• [RAW DATA]
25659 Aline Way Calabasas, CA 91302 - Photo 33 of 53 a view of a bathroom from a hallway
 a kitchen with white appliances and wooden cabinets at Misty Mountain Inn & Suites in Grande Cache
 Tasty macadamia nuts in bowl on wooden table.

• [TASK GOAL] All lines that include the word "wooden" must be copied from the material above.

• [EXERCISE RESPONSE]
 a kitchen with white appliances and wooden cabinets at Misty Mountain Inn & Suites in Grande Cache
 Tasty macadamia nuts in bowl on wooden table.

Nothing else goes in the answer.